Perini has also submitted a November 11, 2002 letter from STV, Inc., the defendant's resident engineer, which memorialized a meeting between STV and members of NYC Department of Transportation (DOT) and New York State DOT. The letter states that Perini made no effort to meet its DBE goals and that it provided '"contrived paperwork in an effort to prove higher DBE participation'" (Band aff, exhibit 34). It also produced a 2003 letter from the New York State DOT to NYC DOT stating that one of Perini's DBE contractors, VVSS, did not do any work on the project and that Perini did Fairview's assigned work.

In this case, the documentary evidence demonstrates that plaintiff possessed timely knowledge, "sufficient to have placed [it] under a duty to make inquiry and ascertain all the relevant facts prior to the expiration of the applicable statute of limitations" (Rite Aid v. Grass, 48 A.D.3d 363, 364-365 [1st Dept. 2008]; see also Port Parties, Ltd. v. ENK Intern. LLC, 84 A.D.3d 685, 686 [1st Dept.2011]).

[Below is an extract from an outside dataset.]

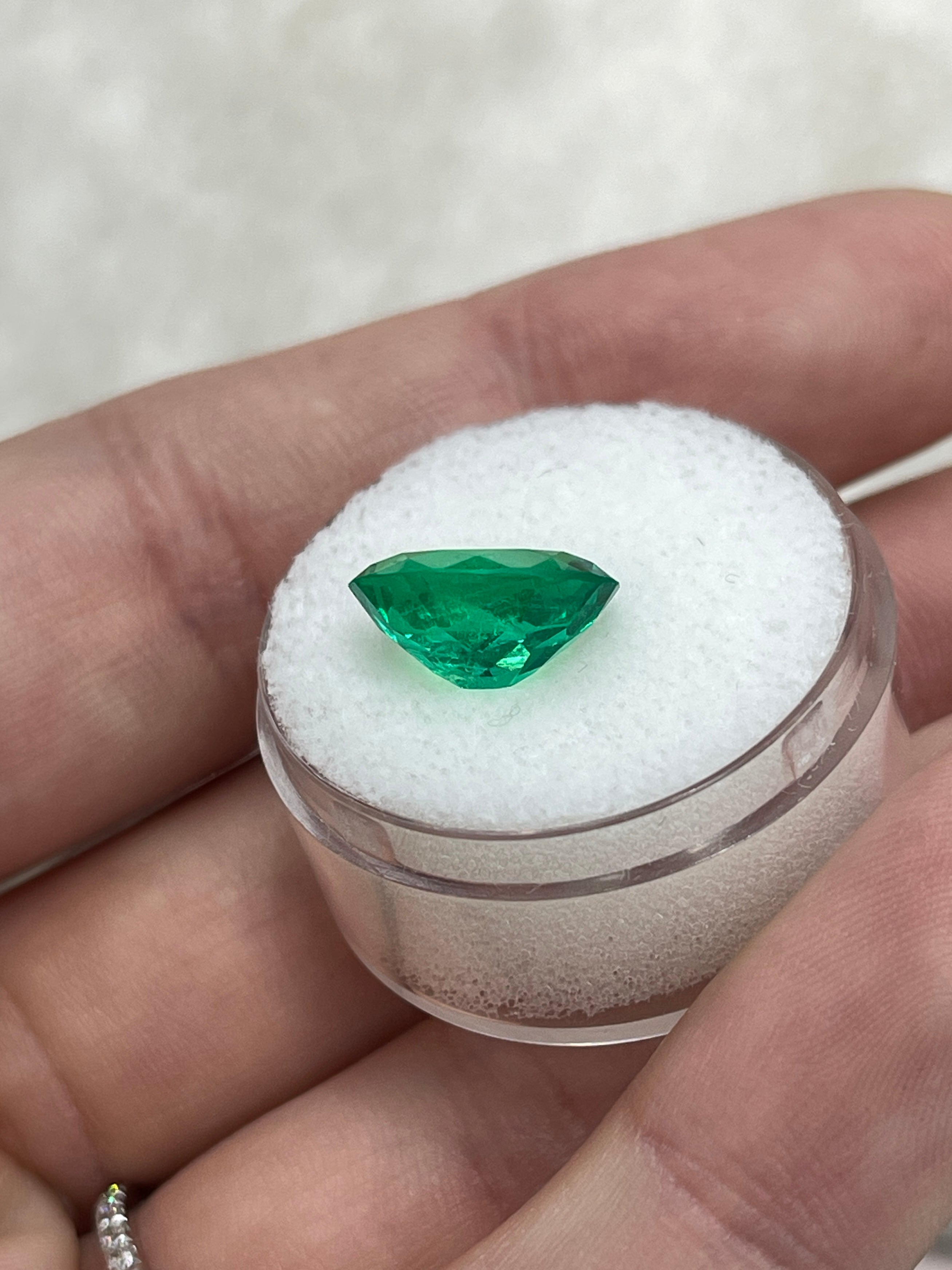 3.36 Carat 12x9 AAA+ Vivid Muzo Green Natural Oval Colombian Emerald-Loose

The defendant's argument that it could not have stated these fraud causes of action until the indictments were unsealed because, before then, it did not have the specific information that Perini's principals were involved in the alleged fraud or that the contract at issue in this action was involved, is without merit. The notice that triggers the two year discovery period is not notice reflecting positive knowledge of the fraud, or reflecting all the legal elements of a fraud claim (Davis v. Smith Corp., 262 A.D.2d 752, 754-755 [3d Dept. 1999]). Rather, "a plaintiff need only be aware of enough operative facts so that, with reasonable diligence, [he] could have discovered the fraud ( id. at 755 [internal quotation marks and citations omitted]; see also Hopkinson v. Estate of Siegal, 2011 WL 2935876*3 [SDNY July 12, 2011]; City of New York v. Morris J. Eisen, P.C., 226A.D.2d244, 244-245 [1st Dept. 1996] [city should have discovered the fraud prior to the date testimony was given in a criminal proceeding to incriminate the defendant]).

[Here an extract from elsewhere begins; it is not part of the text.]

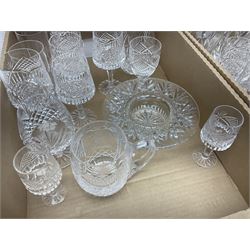 Collection of Waterford and Tyrone crystal, including wine glasses, clock, bowl, etc, together with a collection of other cut glass and crystal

"Where circumstances are such as to suggest to a person of ordinary intelligence the probability that he has been defrauded, a duty of inquiry arises, and if he omits that inquiry when it would have developed the truth, and shuts his eyes to the facts which call for investigation, knowledge of the fraud will be imputed to him"

(Prestrandrea v. Stein, 262 A.D.2d 621, 622 [2d Dept. 1999] [internal quotation marks and citations omitted])[2].

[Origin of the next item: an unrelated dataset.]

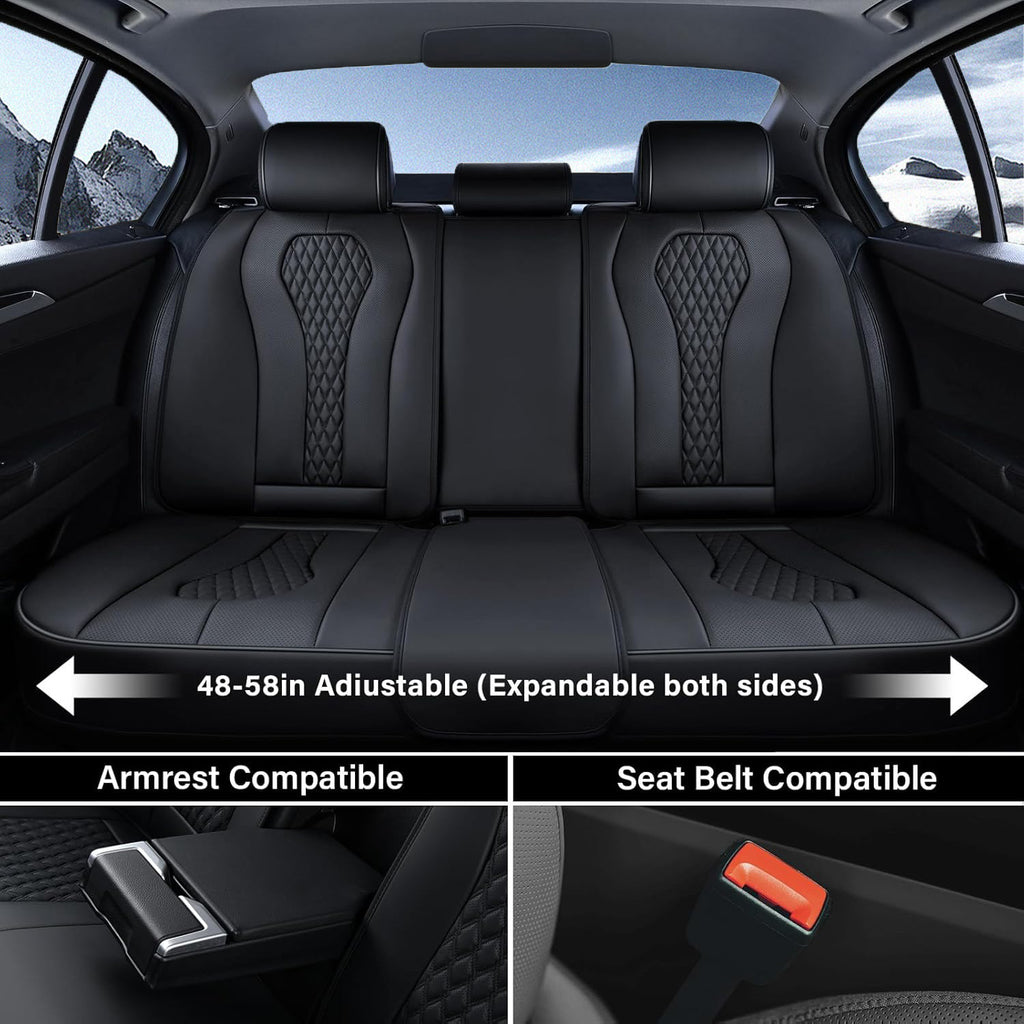 Amancarport Nappa Leather Car Seat Cover Universal Fit for Most Vehicles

Here, defendants have failed to address or refute their knowledge of the U.S. DOT Department of Investigation press release or the STV or inspection reports which were sufficient to have put a reasonable person under a duty to make inquiry regarding the alleged fraudulent scheme (see Kantor aff, Smollens aff, exhibit F).

Based on the fact that the Court finds that defendants' 17th and 18th affirmative defenses and first and second counterclaims are time barred, it will not address plaintiffs additional arguments.

Accordingly, it is hereby

ORDERED that plaintiff, Perini Corporation's motion to dismiss the 17th and 18th affirmative defenses and first and second counterclaims is granted; and it is further

ORDERED that the parties shall appear at a scheduled compliance conference on September 17, at 80 Centre Street at 2:00 p.m. in Room 103; and it is further

ORDERED that this constitutes the decision and order of the Court.